Graphs, however, increase the complexity of the data because they have connections that are cyclical (although acyclic graphs exist), and each of which can have zero or more arrows leading into a single node.
For example, a graph might have the following pattern: A -> B -> C -> A. Additionally, note that unlike the arity trees, we can have several paths leading into a single node - just as in this case both B and D lead to E.
Defining graphs
Suppose want to design graph definitions to represent a series of rooms in a Zork-like game:
- A → B
- A → B → A
- A → B → C → A
- The image above
We can begin by creating a structure definition:
(define-struct room (name exits))
;; Room is (make-room String (listof Room))

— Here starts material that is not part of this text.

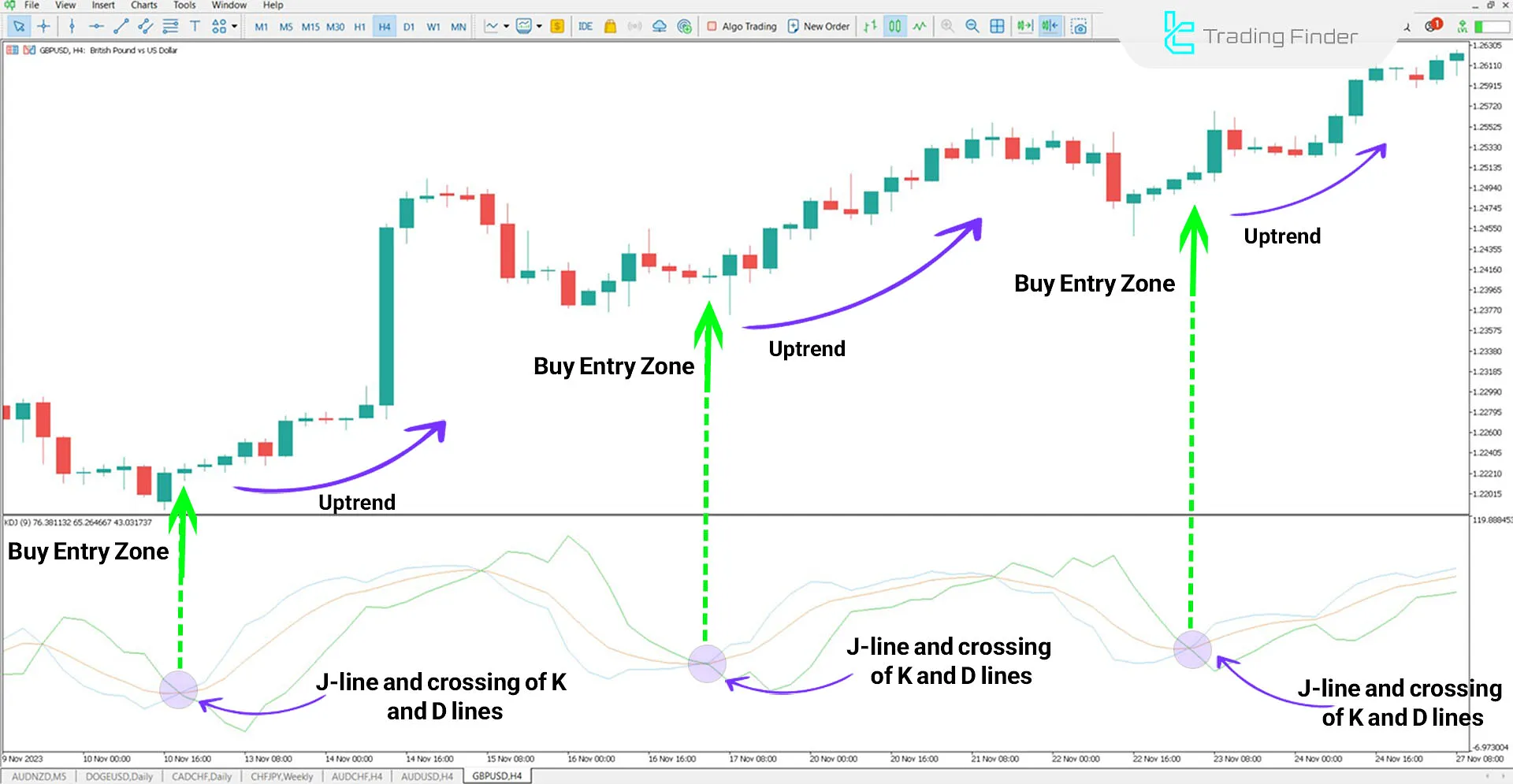 Bullish Trend in the Indicator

;; interp. the room's name, and a list of rooms that the exits lead to
; A -> B
(define H1 (make-room "A" (list (make-room "B" empty))))The first example is straightforward, since it is a unidirectional, acyclic graph. However, the second example becomes more complicated, since room B contains A, which is where we defined the room structure. Unlike a tree, there is no clear hierarchical structure where a parent contains the children but the children don’t contain the parent. Thus:
; using Racket ASL
(define H2
(shared ((-0- (make-room "A" (list (make-room "B" (list -0-))))))
-0-))
(define H3
(shared ((-0- (make-room "A"
(list (make-room "B"
(list (make-room "C"
(list -0-))))))))
-0-))Here, the -0- is like a promise. The -0- is a name for the result of the make-room expression for A. It allows us to refer to the this room inside the expression that generates the room itself.

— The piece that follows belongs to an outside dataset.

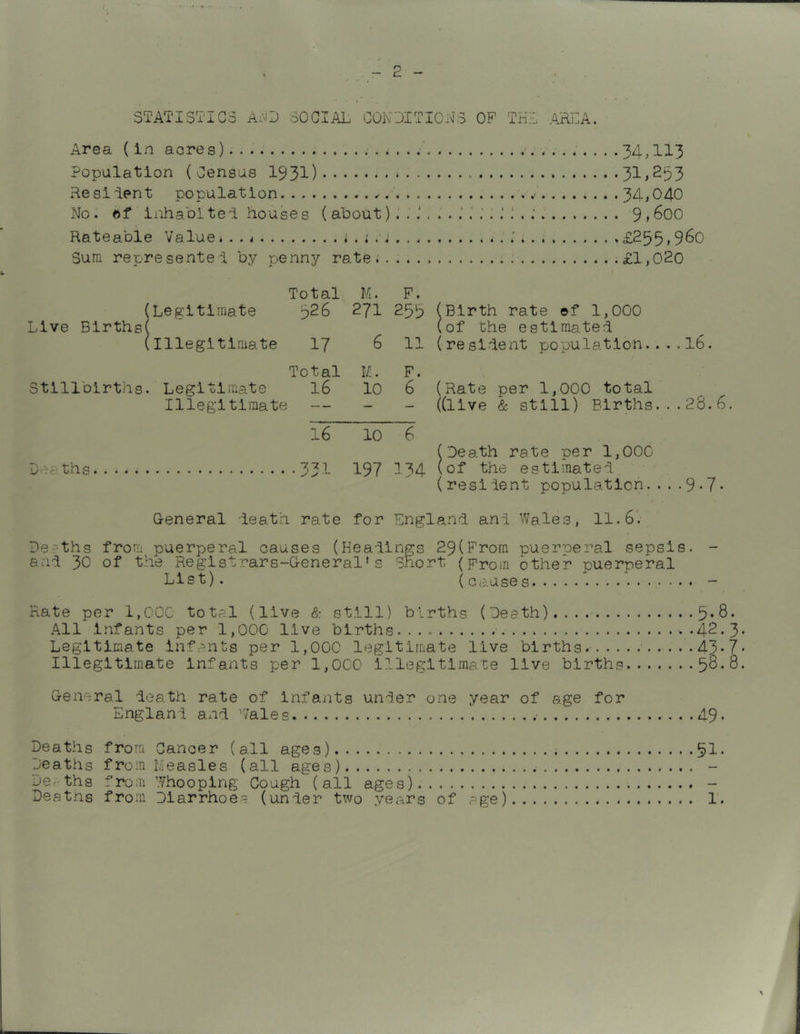 2 STATISTICS AND SOCIAL CONDITIONS OF THE AREA. Area (in acres) . . '....34,113 Population (Census 1931) * 31,253 Re si lent population 34,040 No. (if inhabited houses (about) : 9 , 600 Rateable Value * . . < i . t ; i . . . £255»9&0 Sum represented by penny rate .£1,020 Total M. F. (Legitimate 926 271 255 (Birth rate of 1,000 Live Birthsj (of the estimated . . lb. (Illegitimate 17 6 11 (resident population.. Total I/.. F. Stillbirths. Legitimate 16 10 6 (Rate per 1,000 total Illegitimate — — — ((live & still) Births, . .26.6 16 10 6 (Death rate per 1,000 (of the estimated Deaths<. ; < * •331 197 134 (resident population.. . .9.7. General death rate for England and Wa.le3, 11.6. De-rths from puerperal causes (Headings 29(From pueroeral sepsis. - and 30 of the Registrars-General's Snort (From other puerperal List). ( causes • • • - Rate per 1,000 total (live & still) births (Death) 5*8* All infants per 1,000 live births.... ..42.3- Legitimate infants per 1,000 legitimate live births. . ....A3-7* Illegitimate infants per 1,000 illegitimate live births ^o.Q. General death rate of infants under one year of age for England and 'Vales 49* Deaths from Cancer (all ages) 51. Deaths from ’’/hooping Cough (all ages) - Deatns from diarrhoea (under two years of age) 1. x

Another way to read this is that -0- is the special promise name for the values that start at the first -0- and ends right before the second -0-. Note, too, that our definition of H2, then, is the result of the shared expression.

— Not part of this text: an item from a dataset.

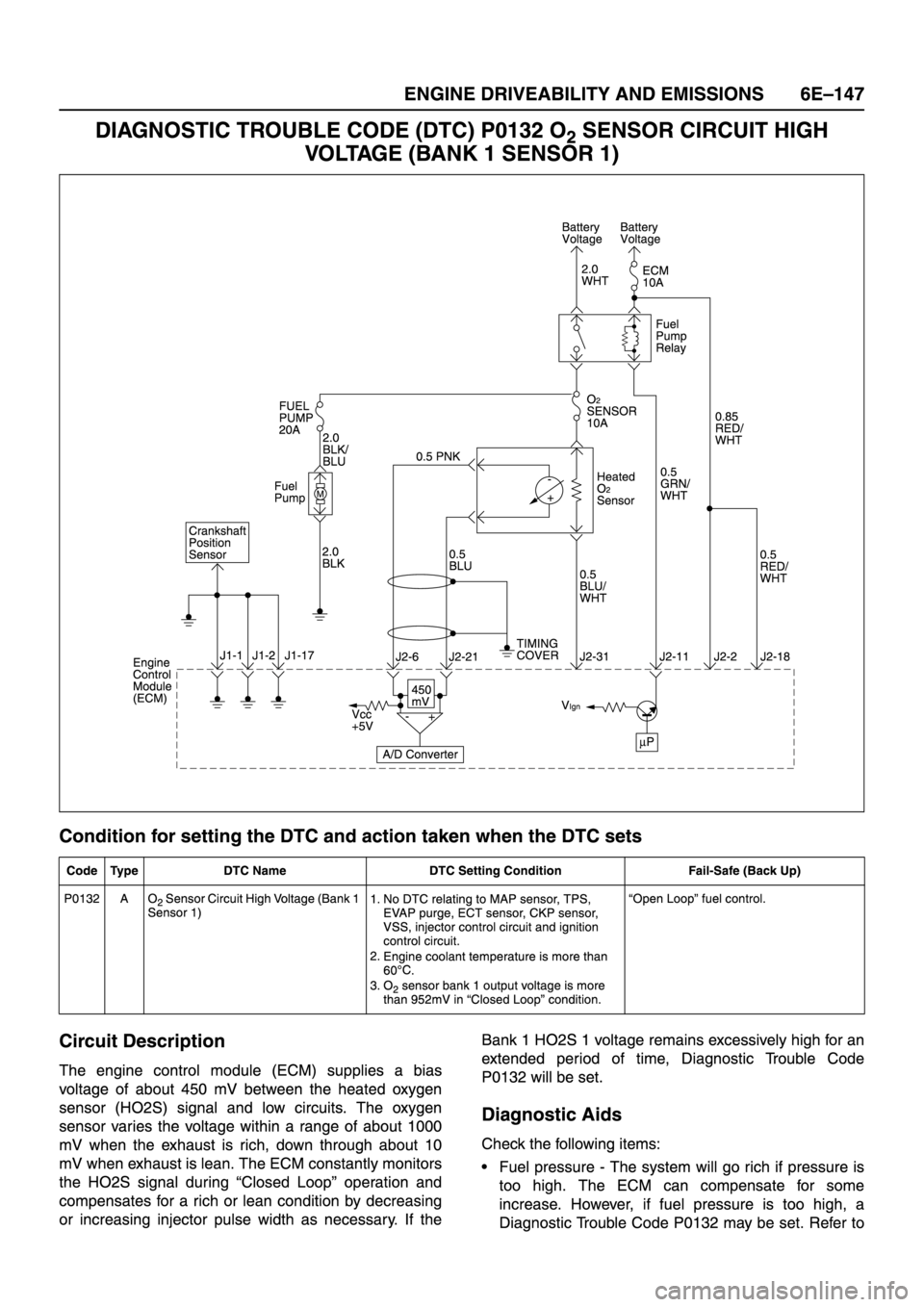 ISUZU TFR SERIES 1997  Workshop Manual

Note that as the graphs begin to get larger, we can use an alternative syntax:
(define H3
(shared ((-A- (make-room "A" (list -B-)))
(-B- (make-room "B" (list -C-)))
(-C- (make-room "C" (list -A-))))
-A-))In either definition, calling H3 will still be shown by Racket as:
(shared ((-0- (make-room "A" (list (make-room "B" (list (make-room "C" (list -0-)))))))) -0-)
With this in mind, coding the structure of the image above with several cycles and paths becomes trivial:
(define H4
(shared ((-A- (make-room "A" (list -B- -D-)))
(-B- (make-room "B" (list -C- -E-)))
(-C- (make-room "C" (list -B-)))
(-D- (make-room "D" (list -E-)))
(-E- (make-room "E" (list -A- -F-)))
(-F- (make-room "F" empty)))
-A-))And it’s representation when called:
(shared ((-0- (make-room "A" (list -3- (make-room "D" (list -10-))))) (-10- (make-room "E" (list -0- (make-room "F" '())))) (-3- (make-room "B" (list (make-room "C" (list -3-)) -10-))))
-0-)Although difficult to read, the complexity comes from the nature of graphs and cyclical structures and not so much from the code itself represented in textual form.
Templating graphs
In a way, templates for graphs are a form of structural recursion, closely related to an arbitrary arity tree. In fact, one might start by modelling the required template with pseudocode:
- Needs structural recursion
- Because it’s like arity tree, encapsulate with local
- Use a worklist accumulator to ensure we traverse all rooms
- Context-preserving accumulator to mark rooms already visited (since graph is cyclical)
(define (fn-for-house r0)
;; todo is (listof Room) ; a worklist accumulator
;; visited is (listof String) ; a context preserving accumulator, names of rooms already visited
(local [(define (fn-for-room r todo visited)
(if (member (room-name r) visited)
(fn-for-lor todo visited)
(fn-for-lor (append (room-exits r) todo)
(cons (room-name r) visited))))
(define (fn-for-lor todo visited)
(cond [(empty? todo) (...)]
[else
(fn-for-room (first todo)
(rest todo)
visited)]))]
(fn-for-room r0 empty empty)))Note how this is simply a blend of various previously existing templates. Additionally, when we are trying to operate on a graph we can make whatever adjustments are required to produce the final result.